**About this task**
Could you reproduce, word for word, everything below from the line containing "Volvo V60 T4" down to the line containing "10750 Sawpit Cove Road, Lusby", with both of those lines included and no others?

**Data to examine**
--------------------------------------------------
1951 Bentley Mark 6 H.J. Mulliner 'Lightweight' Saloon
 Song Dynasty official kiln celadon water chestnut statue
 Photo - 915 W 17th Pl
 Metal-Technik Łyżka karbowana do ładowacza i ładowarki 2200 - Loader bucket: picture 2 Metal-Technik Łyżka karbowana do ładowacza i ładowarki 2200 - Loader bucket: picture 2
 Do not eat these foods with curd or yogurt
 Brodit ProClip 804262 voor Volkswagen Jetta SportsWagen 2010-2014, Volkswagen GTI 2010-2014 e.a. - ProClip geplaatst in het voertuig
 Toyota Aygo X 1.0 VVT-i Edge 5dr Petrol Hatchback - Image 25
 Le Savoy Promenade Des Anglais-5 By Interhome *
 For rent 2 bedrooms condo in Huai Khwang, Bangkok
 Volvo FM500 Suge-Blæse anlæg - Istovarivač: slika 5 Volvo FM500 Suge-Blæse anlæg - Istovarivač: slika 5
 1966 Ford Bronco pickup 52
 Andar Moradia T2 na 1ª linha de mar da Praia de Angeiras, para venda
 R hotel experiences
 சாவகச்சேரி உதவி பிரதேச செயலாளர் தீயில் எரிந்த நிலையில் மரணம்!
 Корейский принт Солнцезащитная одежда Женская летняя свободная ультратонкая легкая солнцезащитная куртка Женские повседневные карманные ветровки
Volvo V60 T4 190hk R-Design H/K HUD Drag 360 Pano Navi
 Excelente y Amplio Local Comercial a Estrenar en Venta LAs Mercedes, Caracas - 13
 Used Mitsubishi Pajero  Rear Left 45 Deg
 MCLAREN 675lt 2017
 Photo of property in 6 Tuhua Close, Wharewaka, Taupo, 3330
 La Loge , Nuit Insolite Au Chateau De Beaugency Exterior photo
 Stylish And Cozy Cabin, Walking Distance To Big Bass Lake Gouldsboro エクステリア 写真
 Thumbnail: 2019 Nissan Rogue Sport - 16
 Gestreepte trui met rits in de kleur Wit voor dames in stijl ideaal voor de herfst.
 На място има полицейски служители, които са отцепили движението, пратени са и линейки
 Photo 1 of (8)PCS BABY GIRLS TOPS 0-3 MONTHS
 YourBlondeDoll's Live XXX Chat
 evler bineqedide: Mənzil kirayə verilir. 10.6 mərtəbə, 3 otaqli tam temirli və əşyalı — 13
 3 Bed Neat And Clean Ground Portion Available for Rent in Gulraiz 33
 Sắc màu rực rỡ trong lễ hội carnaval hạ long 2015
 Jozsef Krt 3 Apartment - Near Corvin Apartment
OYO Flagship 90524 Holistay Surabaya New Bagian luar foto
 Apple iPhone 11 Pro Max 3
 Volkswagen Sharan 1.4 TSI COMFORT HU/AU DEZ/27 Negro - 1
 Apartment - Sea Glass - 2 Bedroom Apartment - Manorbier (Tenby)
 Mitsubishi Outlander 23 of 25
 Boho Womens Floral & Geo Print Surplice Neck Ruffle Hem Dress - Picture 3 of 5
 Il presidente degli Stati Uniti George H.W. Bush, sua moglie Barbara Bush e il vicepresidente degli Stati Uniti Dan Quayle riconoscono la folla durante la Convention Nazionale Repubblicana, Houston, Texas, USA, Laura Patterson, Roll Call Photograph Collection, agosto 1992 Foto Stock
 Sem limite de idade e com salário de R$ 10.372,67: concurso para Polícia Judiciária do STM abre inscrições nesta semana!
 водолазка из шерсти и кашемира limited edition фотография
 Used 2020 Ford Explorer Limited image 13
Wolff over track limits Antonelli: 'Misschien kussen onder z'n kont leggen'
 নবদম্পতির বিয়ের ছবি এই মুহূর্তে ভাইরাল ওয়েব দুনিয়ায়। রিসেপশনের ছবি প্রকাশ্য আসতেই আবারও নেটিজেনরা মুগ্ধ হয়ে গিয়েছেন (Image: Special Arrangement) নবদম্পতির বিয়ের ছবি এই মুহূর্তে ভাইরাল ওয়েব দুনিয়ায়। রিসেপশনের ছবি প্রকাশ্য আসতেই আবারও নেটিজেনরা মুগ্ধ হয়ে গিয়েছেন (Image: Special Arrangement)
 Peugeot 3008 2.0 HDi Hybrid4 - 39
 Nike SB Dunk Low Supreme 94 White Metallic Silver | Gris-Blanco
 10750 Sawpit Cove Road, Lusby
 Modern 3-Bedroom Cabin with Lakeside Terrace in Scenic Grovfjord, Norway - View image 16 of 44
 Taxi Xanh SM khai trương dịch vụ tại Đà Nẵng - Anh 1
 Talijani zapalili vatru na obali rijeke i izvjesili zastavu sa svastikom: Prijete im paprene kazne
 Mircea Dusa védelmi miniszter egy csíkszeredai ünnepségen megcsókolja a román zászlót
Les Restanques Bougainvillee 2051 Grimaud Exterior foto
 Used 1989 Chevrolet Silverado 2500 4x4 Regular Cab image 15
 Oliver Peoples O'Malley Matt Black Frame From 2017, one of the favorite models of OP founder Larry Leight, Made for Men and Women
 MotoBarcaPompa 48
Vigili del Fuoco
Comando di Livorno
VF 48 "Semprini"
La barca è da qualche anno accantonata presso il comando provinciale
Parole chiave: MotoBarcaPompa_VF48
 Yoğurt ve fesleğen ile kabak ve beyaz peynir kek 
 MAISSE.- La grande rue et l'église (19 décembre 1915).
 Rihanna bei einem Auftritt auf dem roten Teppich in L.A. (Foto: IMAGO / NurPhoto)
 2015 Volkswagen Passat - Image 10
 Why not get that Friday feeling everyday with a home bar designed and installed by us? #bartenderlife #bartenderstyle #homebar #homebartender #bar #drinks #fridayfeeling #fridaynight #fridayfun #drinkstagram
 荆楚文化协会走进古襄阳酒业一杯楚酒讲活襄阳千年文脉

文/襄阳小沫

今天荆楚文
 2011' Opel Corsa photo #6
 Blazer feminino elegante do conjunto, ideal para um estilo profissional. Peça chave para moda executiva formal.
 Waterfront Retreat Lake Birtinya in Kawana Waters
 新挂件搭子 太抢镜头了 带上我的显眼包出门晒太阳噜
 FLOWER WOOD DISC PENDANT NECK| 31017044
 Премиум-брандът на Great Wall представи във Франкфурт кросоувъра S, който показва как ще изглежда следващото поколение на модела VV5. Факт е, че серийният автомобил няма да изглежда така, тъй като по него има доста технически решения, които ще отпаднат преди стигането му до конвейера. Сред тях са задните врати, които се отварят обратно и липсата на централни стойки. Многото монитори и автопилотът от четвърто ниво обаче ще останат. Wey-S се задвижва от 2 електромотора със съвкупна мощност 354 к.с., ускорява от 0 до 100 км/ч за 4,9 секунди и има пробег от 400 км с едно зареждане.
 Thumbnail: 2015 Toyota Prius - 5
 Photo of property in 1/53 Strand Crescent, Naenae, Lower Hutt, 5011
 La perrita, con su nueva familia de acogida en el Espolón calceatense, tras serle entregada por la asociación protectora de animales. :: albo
--------------------------------------------------
**Written reply**
Volvo V60 T4 190hk R-Design H/K HUD Drag 360 Pano Navi
 Excelente y Amplio Local Comercial a Estrenar en Venta LAs Mercedes, Caracas - 13
 Used Mitsubishi Pajero  Rear Left 45 Deg
 MCLAREN 675lt 2017
 Photo of property in 6 Tuhua Close, Wharewaka, Taupo, 3330
 La Loge , Nuit Insolite Au Chateau De Beaugency Exterior photo
 Stylish And Cozy Cabin, Walking Distance To Big Bass Lake Gouldsboro エクステリア 写真
 Thumbnail: 2019 Nissan Rogue Sport - 16
 Gestreepte trui met rits in de kleur Wit voor dames in stijl ideaal voor de herfst.
 На място има полицейски служители, които са отцепили движението, пратени са и линейки
 Photo 1 of (8)PCS BABY GIRLS TOPS 0-3 MONTHS
 YourBlondeDoll's Live XXX Chat
 evler bineqedide: Mənzil kirayə verilir. 10.6 mərtəbə, 3 otaqli tam temirli və əşyalı — 13
 3 Bed Neat And Clean Ground Portion Available for Rent in Gulraiz 33
 Sắc màu rực rỡ trong lễ hội carnaval hạ long 2015
 Jozsef Krt 3 Apartment - Near Corvin Apartment
OYO Flagship 90524 Holistay Surabaya New Bagian luar foto
 Apple iPhone 11 Pro Max 3
 Volkswagen Sharan 1.4 TSI COMFORT HU/AU DEZ/27 Negro - 1
 Apartment - Sea Glass - 2 Bedroom Apartment - Manorbier (Tenby)
 Mitsubishi Outlander 23 of 25
 Boho Womens Floral & Geo Print Surplice Neck Ruffle Hem Dress - Picture 3 of 5
 Il presidente degli Stati Uniti George H.W. Bush, sua moglie Barbara Bush e il vicepresidente degli Stati Uniti Dan Quayle riconoscono la folla durante la Convention Nazionale Repubblicana, Houston, Texas, USA, Laura Patterson, Roll Call Photograph Collection, agosto 1992 Foto Stock
 Sem limite de idade e com salário de R$ 10.372,67: concurso para Polícia Judiciária do STM abre inscrições nesta semana!
 водолазка из шерсти и кашемира limited edition фотография
 Used 2020 Ford Explorer Limited image 13
Wolff over track limits Antonelli: 'Misschien kussen onder z'n kont leggen'
 নবদম্পতির বিয়ের ছবি এই মুহূর্তে ভাইরাল ওয়েব দুনিয়ায়। রিসেপশনের ছবি প্রকাশ্য আসতেই আবারও নেটিজেনরা মুগ্ধ হয়ে গিয়েছেন (Image: Special Arrangement) নবদম্পতির বিয়ের ছবি এই মুহূর্তে ভাইরাল ওয়েব দুনিয়ায়। রিসেপশনের ছবি প্রকাশ্য আসতেই আবারও নেটিজেনরা মুগ্ধ হয়ে গিয়েছেন (Image: Special Arrangement)
 Peugeot 3008 2.0 HDi Hybrid4 - 39
 Nike SB Dunk Low Supreme 94 White Metallic Silver | Gris-Blanco
 10750 Sawpit Cove Road, Lusby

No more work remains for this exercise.